A titre d’exemple, la mise à disposition d’hôtesses d’accueil pour des salons, n’étant accompagnée d’aucune prestation de la société prêteuse est constitutif de prêt de main d’œuvre illicite (Cass. crim., 28 janv. 1997, no 96-80.727).
L’origine de la fourniture du matériel de travail
L’utilisation d’un matériel propre à l’entreprise prêteuse est un indice évident d’un prêt de main-d’œuvre licite.
Par exemple, la fourniture à un client d’un véhicule avec chauffeur constitue une prestation de services parfaitement licite et non pas un prêt de main-d’œuvre prohibé (CA Metz, 11 avr. 1989).
En revanche, le fait de travailler avec le matériel et les matériaux du donneur d’ordre est révélateur de prêt de main-d’œuvre illicite et non d’une prestation de services (Cass. crim., 25 avr. 1989, no 88-84.255).
L’identification du pouvoir de direction
Le prêt de main-d’œuvre est qualifié d’illicite dès lors qu’est constaté un transfert du lien de subordination entre l’entreprise prêteuse et l’entreprise utilisatrice (Cass. crim., 25 avr. 1989, no 87-81.212).

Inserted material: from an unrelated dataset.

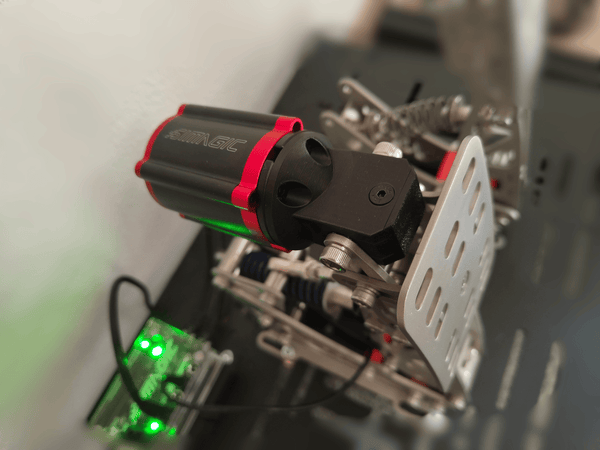 Simagic P-HPR / P-HPR GT - Haptic Adapter für VRS Pedale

En effet, le pouvoir de direction doit être maintenue dans l’entreprise initiale prêteuse car le prestataire doit conserver l’autorité sur son personnel et exercer un contrôle sur la réalisation du travail (Cass. crim., 21 janv. 1986, no 84-95.529).
La rémunération
Le mode de rémunération est très important pour échapper à l’infraction du prêt de main d’œuvre illicite. Lorsque le prix de la prestation est basé sur un taux horaire, le juge considère que les doutes sont suffisants pour caractériser l’infraction du prêt de main-d’œuvre illicite, puisque cela suppose que seule une fourniture de main d’œuvre est rémunérée (Cass crim 25 avril 1989, n° 88-84.222 et Cass crim 16 mai 2000, n° 99-85.485).
La solution est donc de rémunérer forfaitairement le service rendu.
Le prêt de main-d’œuvre illicite et le délit de marchandage se retrouvent sur une définition commune qui est le prêt de main-d’œuvre à but lucratif.
Afin d’échapper à tout risque, l’entreprise prêteuse doit veiller à ce que le besoin de compétence spécifique soit bien réel et qu’elle fournisse le matériel nécessaire à la réalisation du service tout en conservant un pouvoir de contrôle sur les salariés prêtés. Enfin, la vigilance est de mise quant au mode de rémunération qui sera forfaitaire par opposition à une rémunération horaire.
Rappelons que les risques de commission de l’infraction sont totalement anéantis lorsqu’une entreprise a recours à une entreprise de portage salarial puisque cette dernière est autorisée par la loi à la mise à disposition de salariés, dont la licéité est reconnue dans tous les cas.